Tlingit & Haida receives $100,000 in reparations towards community healing – Local First Media Group

Photo provided by Tlingit & Haida

Juneau, Alaska (KINY) – The Central Council of Tlingit & Haida Indian Tribes of Alaska has received $100,000 from Kuneix Hídi Northern Light United Church (KHNLUC) congregation of Juneau, AK. The Native Ministries Committee presented the donation on day one of the 89th Tribal Assembly. 

The donation is to help support and uplift healing programs within the Community & Behavioral Services Healing Center. The funds are part of a commitment of $1 million in reparations from the congregation to repair the harm and pain the Juneau community experienced at the racist closure, more than 60 years ago, of the once predominantly Tlingit church. 

President Chalyee Éesh Richard Peterson worked with the KHNLUC in fulfilling a formal apology to the family of Rev. Dr.

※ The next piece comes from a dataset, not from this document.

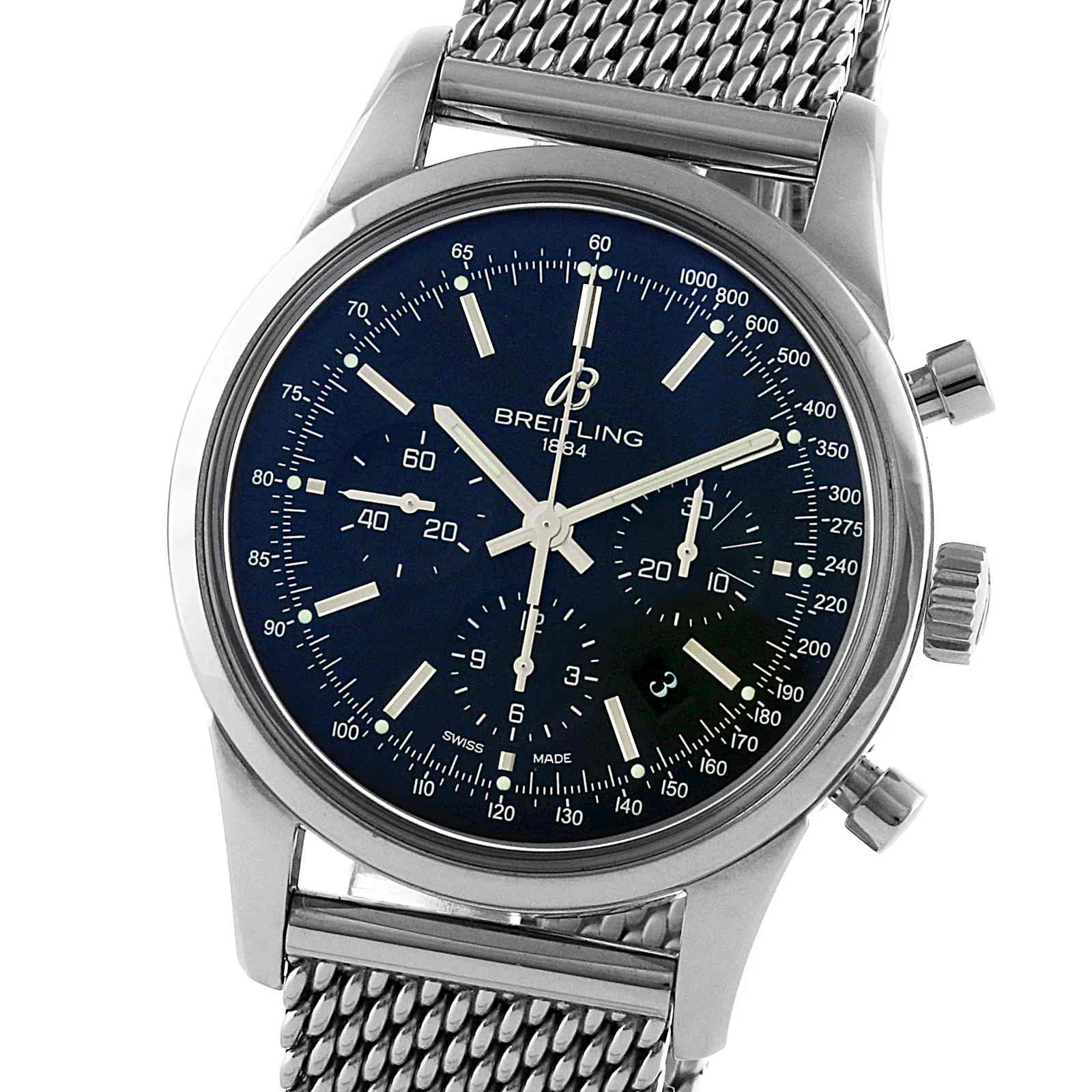 Breitling Transocean Mens Black 43mm watch - Imagem 5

Walter Soboleff, former members of Memorial Presbyterian Church and the Tlingit people, for the devastating closure of the Memorial Presbyterian Church. The Presbyterian Church (USA), Northwest Coast Presbytery and Kunéix Hídi Northern Light United Church delivered the formal apology on Indigenous Peoples’ Day, October 9, 2023. 

Rev. Dr. Walter Soboleff, Tlingit of the Raven, L’eeneidí clan, was one of the first Alaska Native ordained ministers and began his calling as a beloved pastor at the age of 32 in 1940 at the Memorial Presbyterian Church. At the time, only two Presbyterian churches existed in Juneau: a Native and a non-Native one, the latter named Northern Light. Upon the abrupt closure of the Memorial church in favor of the non-Native congregation, he urged members to join Northern Light, despite not being consulted on the closure or offered a pastor position. Only a few made the move, many ceasing their affiliation with ministry.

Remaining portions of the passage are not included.